So far, the US as a nation, NATO as an institution, “Europe” as a collectivity, and many of its nations individually have done rather well on Libya. Sure, it took a while, but we now have in the field a military and political coalition led politically and (even after command has devolved on NATO) militarily by the US, commanded by the NATO military structure, with support and non-trivial active participation from a significant set of European and Arab countries, initiated at the urging of the Arab League, and having formal UN Security Council authorization that not even Russia and China were prepared to frustrate.

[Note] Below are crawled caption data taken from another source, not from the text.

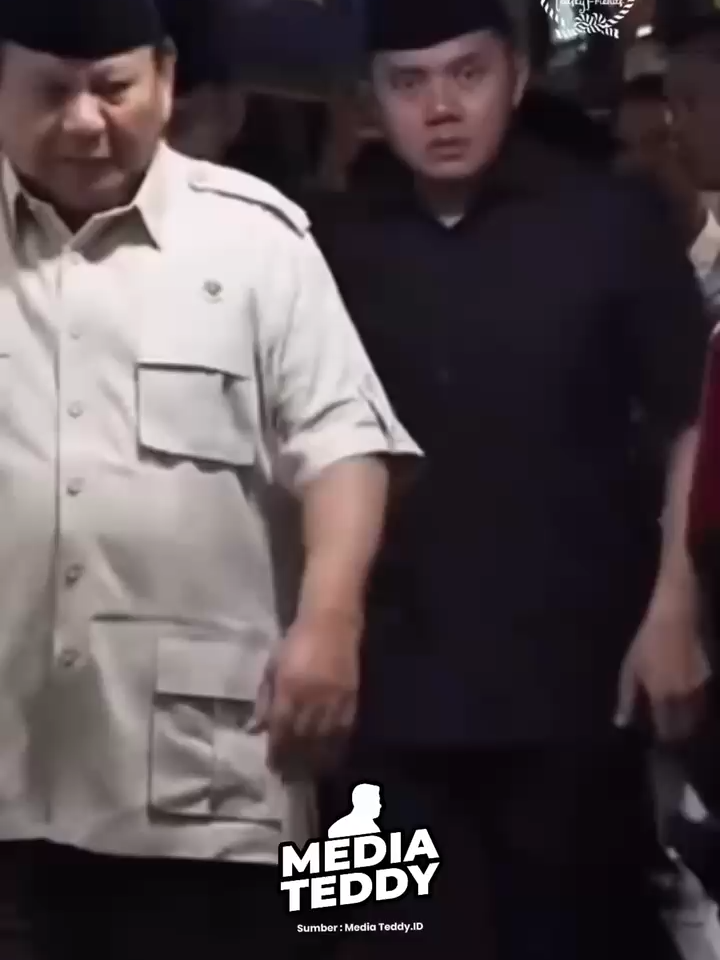 Duka Mendalam: Seskab Teddy Bersama Presiden Prabowo Sambangi Rumah Duka Alm. Affan Kurniawan #fyp #teddy #seskab #teddyindrawijaya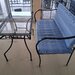 Se vinde set mobilier exterior fier forjat, masa cu blat sticla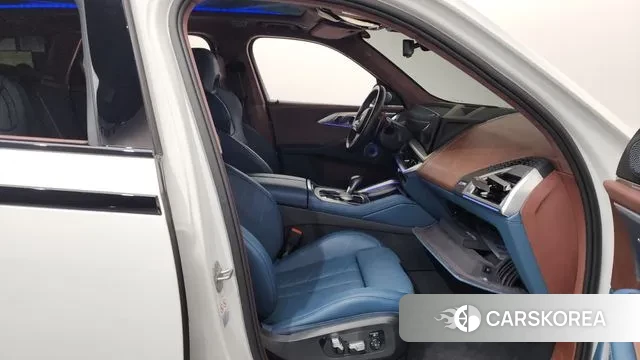 BMW XM (G09) 2023 Белый из Кореи, фото 2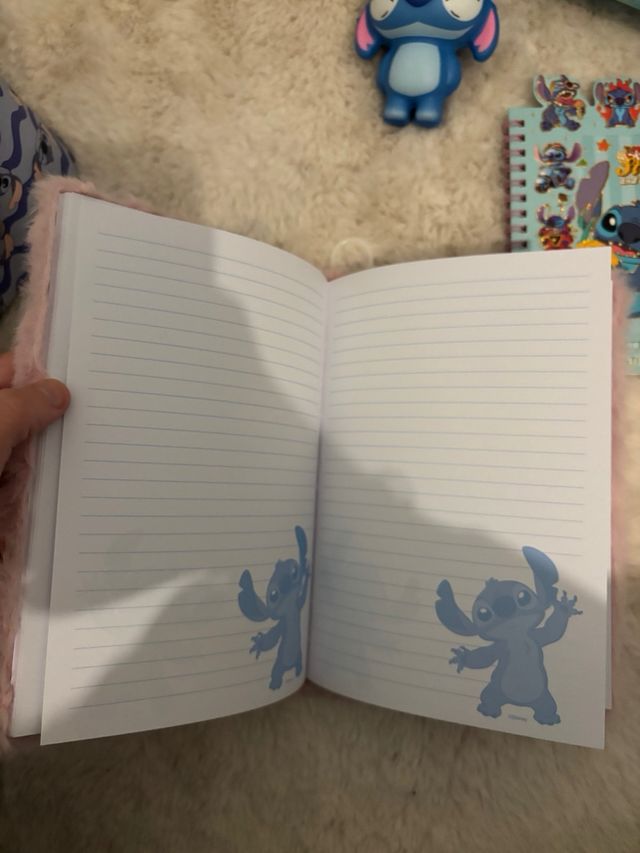 Caja regalo 11 piezas Stitch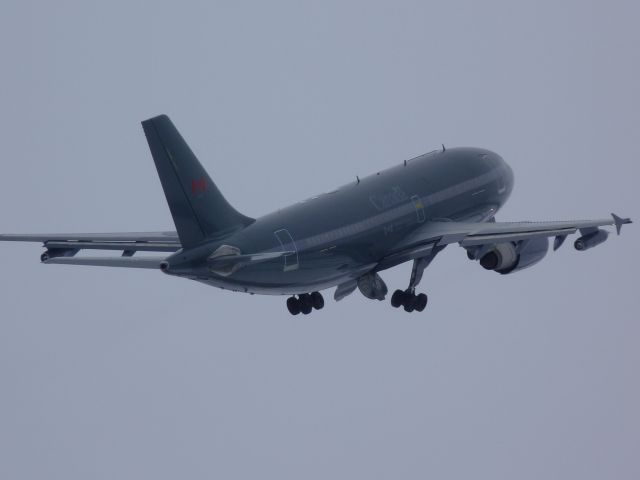 Airbus A310 (CFC15004) - gear up,aborted landing on runway 32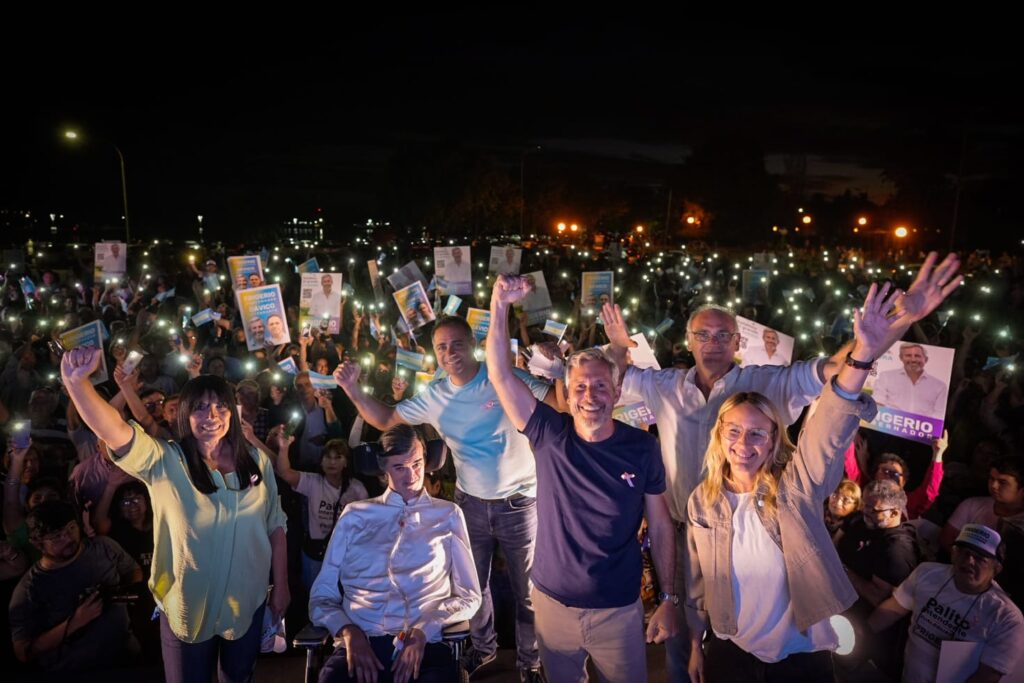 Con la presencia de Esteban Bullrich, Frigerio llamó a  “defender la democracia” en Gualeguaychú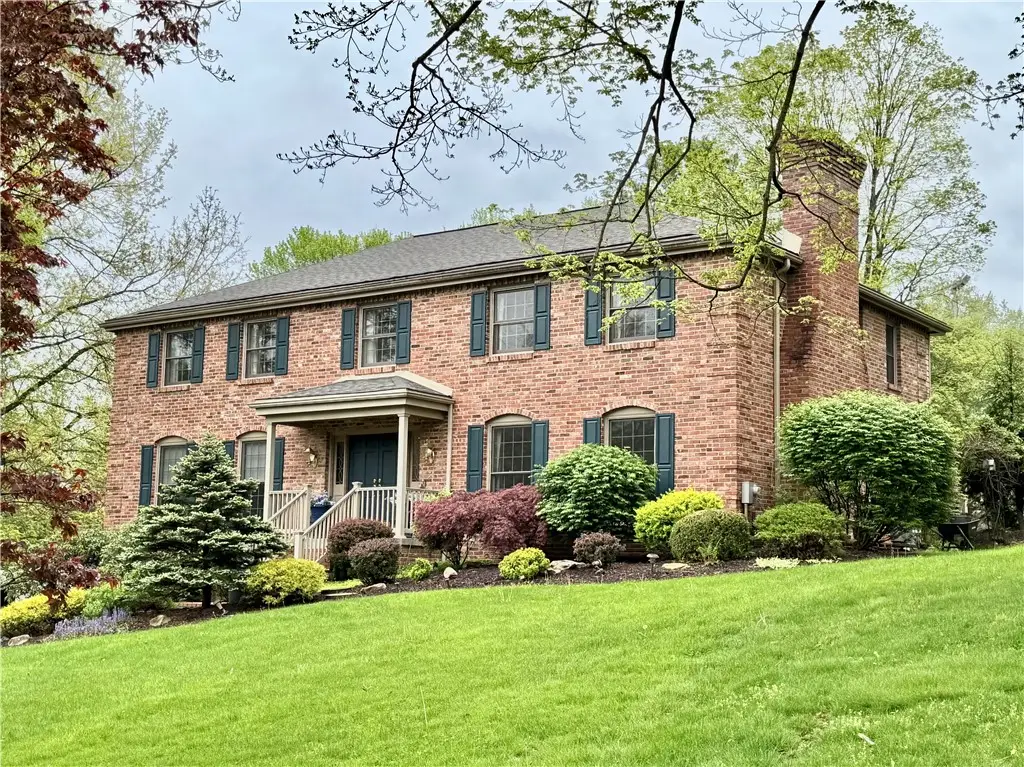 164 Pleasantview Dr, Canonsburg, PA 15317 - #1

Yes, putting it all together took some time and the result lacks the flash of single-minded unilateralism (by either the US or Europe) – or, indeed, of a thorough-going refusal to intervene unless the enemy is landing on the beaches of America. But it has a strategic logic and a political viability that a “simpler” approach would have lacked. And, on the ground, it seems to have prevented Gaddaffi from swiftly suppressing the rebellion. What it has not done—at least so far, and we have to recognize that in desert warfare fortunes can change very rapidly, as the history of 1940-43 should have taught us—is drive Gaddafi from power.

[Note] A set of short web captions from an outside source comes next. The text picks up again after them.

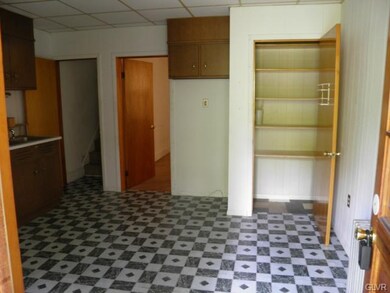 244 W Ridge St, Coaldale, PA 18218 - photo 5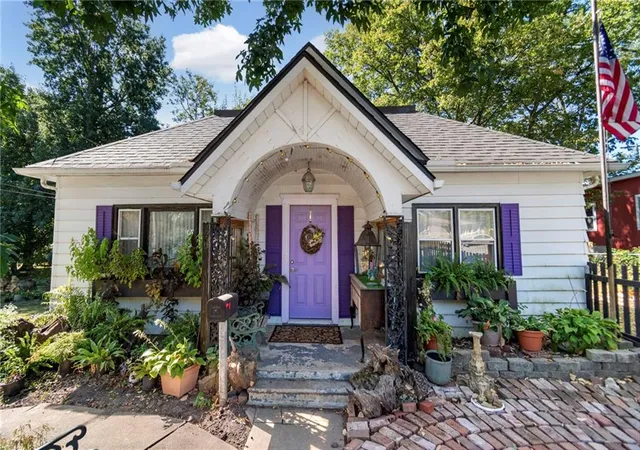 Photo 3 of Sale Pending at 318 Clinton St, Clinton, MO 64735 | MLS# 2640782 | Listing updated on 2026-10-06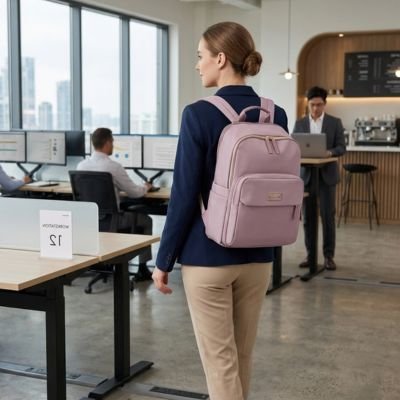 Femme portant sac a dos ordinateur portable rose
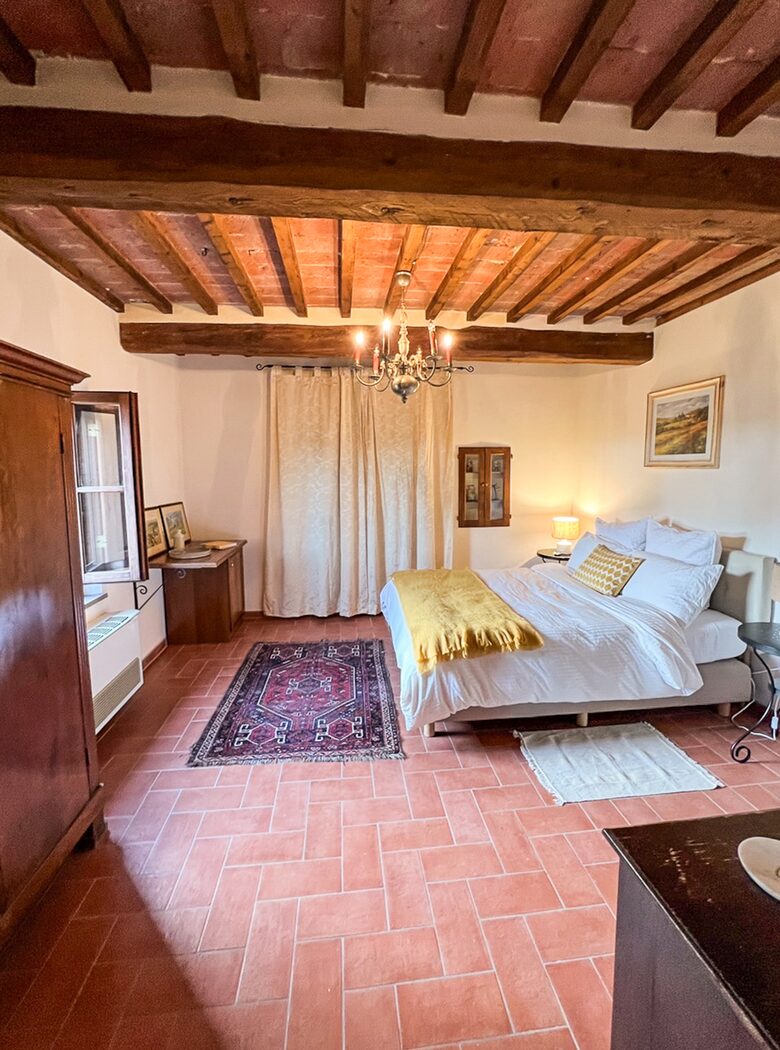 Villa San Lorenzo Umbrian Estate - Castiglione Del Lago, Italy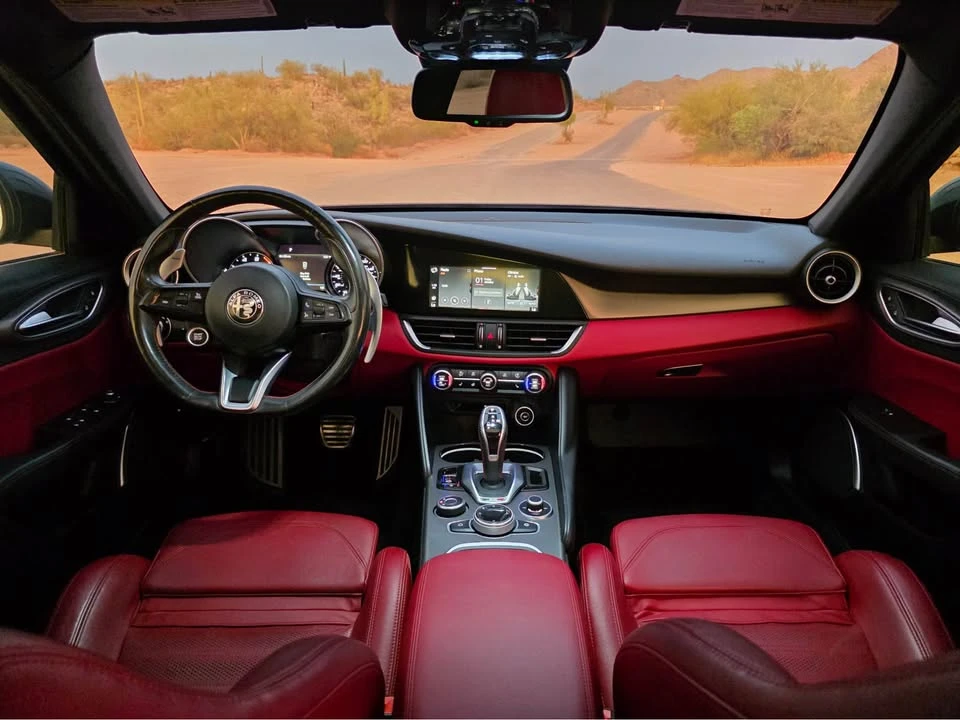 2020 Alfa Romeo Giulia - Image 9 of 17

Therefore, the problem is what some are calling the “end game” but is really the middle game. What if he is able to hold out? The stated goal of the current operation is humanitarian: “protect the civilian population.” But we are told the aim of the military operation is not ousting Gaddaffi from power; that is merely a political goal.
That dichotomy suffers from internal contradiction. The justification for military action is the (quite reasonable) proposition that Gaddafi is such a vicious autocrat that if he has the opportunity, he will slaughter and otherwise abuse his civilian population. Unless he is removed from power, it is hard to see how that danger is neutralized. A stalemate in which Gaddafi stays in Tripoli and a NATO protectorate hangs on in Benghazi, even if sustainable, does not “protect the civilian population” in the areas in which he remains in control, and it leaves him in a position to extend his reach, and his abuse, as soon as the opportunity presents itself, notably due to the withdrawal of international support of the rebels.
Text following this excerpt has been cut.